Your company has gone from private to public, completing the IPO. Now what?
The transition period will trigger a change in attitude on the part of management as they learn to operate under direct and indirect scrutiny.
You should quickly begin implementing and following through on the strategic operating plans that led to the successful fruition of your firm's IPO. More specifically, management must be able to illustrate in short order that it has begun taking steps to implement the new public company's strategic plan.
One of the biggest changes your company will experience is the need to comply with regulatory requirements on matters related to governance, continuous disclosure, certification on internal controls and disclosure controls, and so on.
Governance issues, though always important in a corporate realm, are especially paramount to a public company. The Board of Directors will have overall responsibility for corporate stewardship and need to oversee the activities of management to ensure they are acting in the best interests of the company and its shareholders. The Board should adopt a written mandate in which it acknowledges its governance responsibilities.
The majority of directors in a public company must be independent. Specific board sub-committees, such as the audit committee, nominating and compensation committee, are often established with mandates to oversee various risks faced by the company in wide-ranging areas, such as financial reporting, litigation, technology, ethics, safety and the environment, among others.
One of the regulators' primary objectives is to ensure that disclosure similar to that contained in the IPO offering prospectus is available to the market at all times. Therefore, securities legislation requires a public company to provide this information in the form of their Annual Information Form (AIF), annual and interim financial statements, management discussion and analysis (MD&A), information circular, disclosure of material changes, business acquisition reports, etc.
For each of these filings, there are specific content requirements and filing deadlines that need to be met. For example, your annual financial statements need to be audited by an independent auditor in accordance with Generally Accepted Accounting Principles (GAAP), which, for public companies, will be International Financial Reporting Standards (IFRS) for reporting periods beginning Jan. 1, 2011. Your annual audited financial statements need to be filed no more than 90 days after your company's year end.
The securities regulators perform regular reviews of the continuous disclosure documents filings and can ask questions, provide comments to individual companies, as well as publish general public comments. Management should ensure that the company has proper infrastructure in place to gather, continuously update, and report accurate and complete financial and other material information on a timely basis. Without this infrastructure, it will be a continuous struggle to meet these deadlines and provide useful information to the stakeholders.

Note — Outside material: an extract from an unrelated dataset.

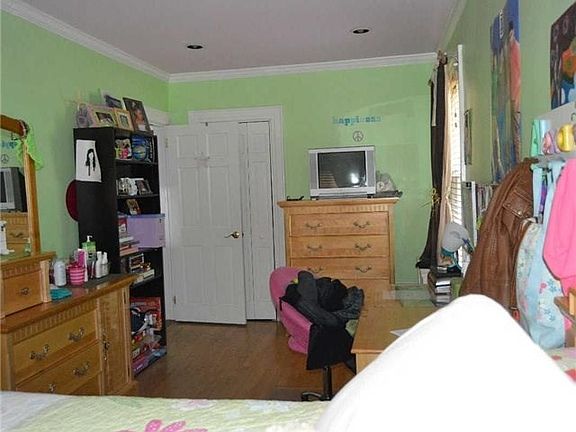 5th image of 15420 Bayside Ave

CEOs and CFOs of public companies are also required to certify that they are responsible for establishing and maintaining internal controls over financial reporting (ICFR) and disclosure controls and procedures, and that they have designed ICFR to provide reasonable assurance over the reliability of the financial reporting and financial statements in accordance with GAAP. Furthermore, they are required to disclose their conclusions about the effectiveness of ICFR in their MD&A. As a new public company, management should ensure that the firm has appropriate internal control processes in place to allow you to provide these certifications.

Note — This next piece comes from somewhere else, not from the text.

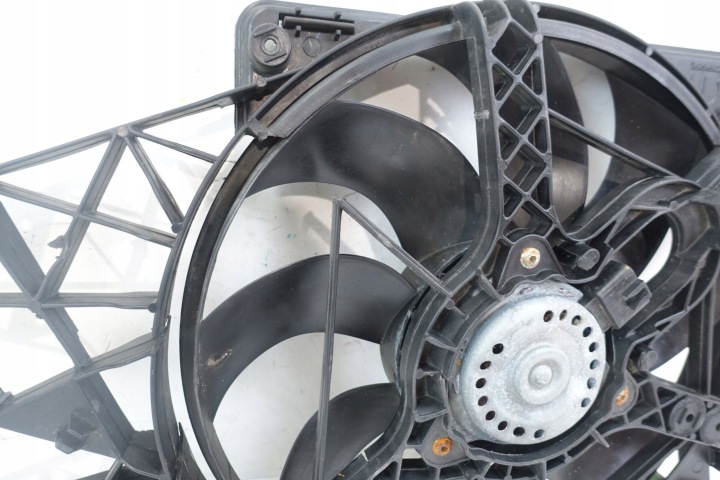 OPEL COMBO D 2011- VENTILATEUR RADIATEUR 8E4241000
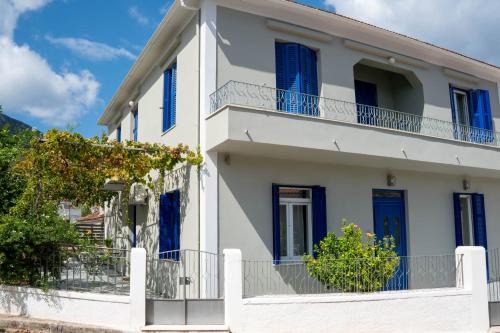 Vathy Villa | Family-Friendly Retreat at Captains' House - 4-Star Stay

In addition to the above, material changes affecting the company's operations and its shareholders must also be disclosed in a press release and in a report to the securities regulators. You will have to prepare for annual meetings and proxy solicitations, and you should ensure that adequate controls and checks are put in place to comply with insider trading rules.
To maintain market interest in the company's securities, management will need to direct marketing efforts not only to existing shareholders, but also to potential investors. The analyst community needs relevant and timely information. As a public company, the management team will need to establish a proactive and ongoing investor relations strategy and a department to execute the strategy to sustain an active after-market interest in the company. The underwriters of your IPO should also be able to help in this regard, by maintaining good distribution and support for your stock and stimulating ongoing interest in your company.
With this done, you have successfully completed the journey of taking your company public. Now a new life begins in the public spotlight-with a different set of challenges and many opportunities for growth and longterm rewards. Stay committed to your vision, remember your accountability to the stakeholders, consult with your advisors, and you will confidently face the challenges that come along the way and seize the opportunities for growth and high long-term rewards.
The content of this article is intended to provide a general guide to the subject matter. Specialist advice should be sought about your specific circumstances.